I agree with you, Liz. I think you make some great points; specifically, I think the only reason to have the cross is accuracy to the the monument, and that for me is not enough incentive to reinstate the cross. The money that was taken to remove teh cross was not inconsequential- reinstating the cross would, as you point out, cost money, potentially more than it did in 2004. There should not be moves made towards making the symbols more christian centered than they already are.

Jim R said...

I agree with Liz, but along a different line of thinking.

The town seal is a symbol that should represent the town and its citizens. This seal can also be used as a seal of approval for various regulations and historical events. By including a cross on the seal, you are showing that there is a religious and a secular approval with each marker that is placed around Los Angeles or stamped on each bill that passes the county government. The mixture of these two duties represents a breach in separation.

Caroline S. said...

I agree with everyone's comments. The addition of a cross is simply unconstitutional. I do not think that this violates the Free Exercise Clause in any way because the purpose of the seal is to represent the City of Los Angeles- which is not solely populated by Christians. The mission may in fact be incredibly influential, however the inclusion of the cross would imply endorsement on behalf of the city of Los Angeles. Reasonable observers, who are not Christian or are non-believers may not feel as though they are included as citizens of LA. This is incredibly important while examining Establishment because the establishment of religion means that people who are not of that faith might feel as though their rights might be infringed upon or not respected because they do not adhere to the faith of the Established religion. The founders created this Constitution because they and their ancestors leaved in fear and were subject to intense persecution for their beliefs. This country was founded on the principle that everyone is free to express their beliefs and not be subject to persecution as a minority.

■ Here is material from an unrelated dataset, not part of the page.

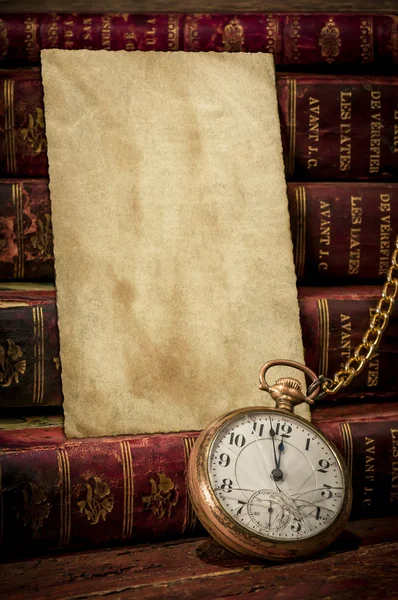 Textura de papel fotográfico antiguo, reloj de bolsillo y libros en Low-key — Foto de Stock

I believe that the addition of the cross might cause citizens to belief that they were not a part of the community of LA and thus cause civil unrest and unfair standards between believers and nonbelievers.

Kiriko Masek said...

I agree that the inclusion of the cross on the seal was unconstitutional. I believe that either all religious symbols should be represented or none at all. By including the cross on the seal, the city is holding Christianity to higher importance in comparison to the other religions present within Los Angeles. I do understand that Christianity is an important part of the city's history and this is what compelled them to include the cross on the seal. However, by including the cross and no symbols of other religions on the seal, people could feel that Christianity is being favored and represented more than the other religions that they may believe in.

Richard Shin said...

I think that the inclusion of the cross should have not been seen as unconstitutional. The seal with the cross included does not promote religion. It is secular and comparable to how on a one dollar bill it says "In God We Trust". The seal is to represent the county of LA and people are into religion. The part of the seal with the building with the cross can mean that people no matter what religion take their own religion seriously. The cross has been secularized, in which it depends on what the people of LA would have thought if they actually saw the seal.